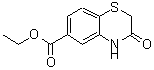 CAS#: 204863-53-6, Ethyl 3-Oxo-3,4-Dihydro-2H-1,4-Benzothiazine-6-Carboxylate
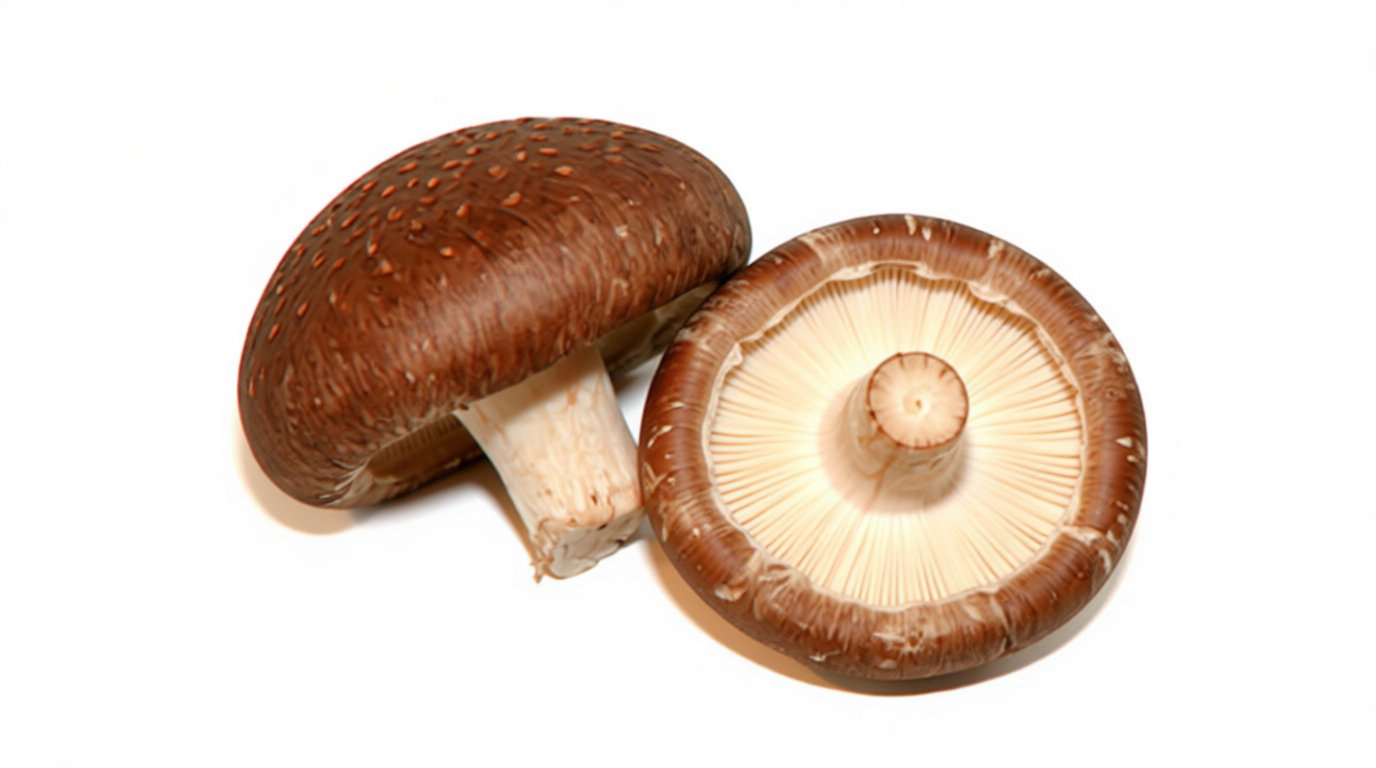 Le shiitaké : la mycothérapie pour stimuler l'immunité profonde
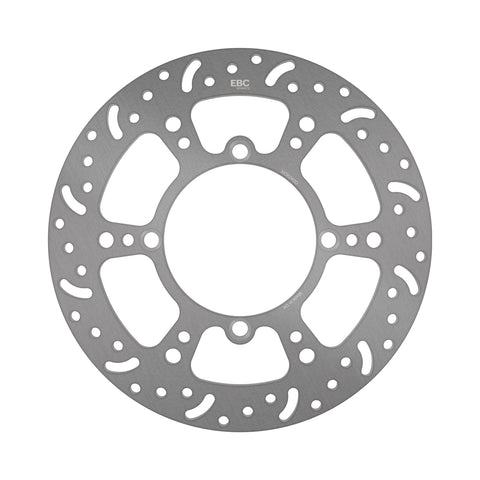 EBC - EBC MX/Enduro/ATV OE Replacement Brake Disc (MD6240D)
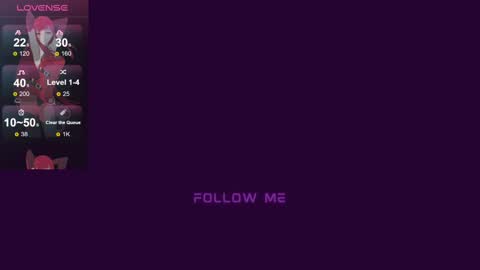 Snapshot of gigiprincesss chatting on 01.22.25 Gigi online show from 01.22.25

########################################

Write out the material above exactly, and omit the pictures it holds.

Result of the exercise ▸
 CAS#: 204863-53-6, Ethyl 3-Oxo-3,4-Dihydro-2H-1,4-Benzothiazine-6-Carboxylate
 Le shiitaké : la mycothérapie pour stimuler l'immunité profonde
 EBC - EBC MX/Enduro/ATV OE Replacement Brake Disc (MD6240D)
 Snapshot of gigiprincesss chatting on 01.22.25 Gigi online show from 01.22.25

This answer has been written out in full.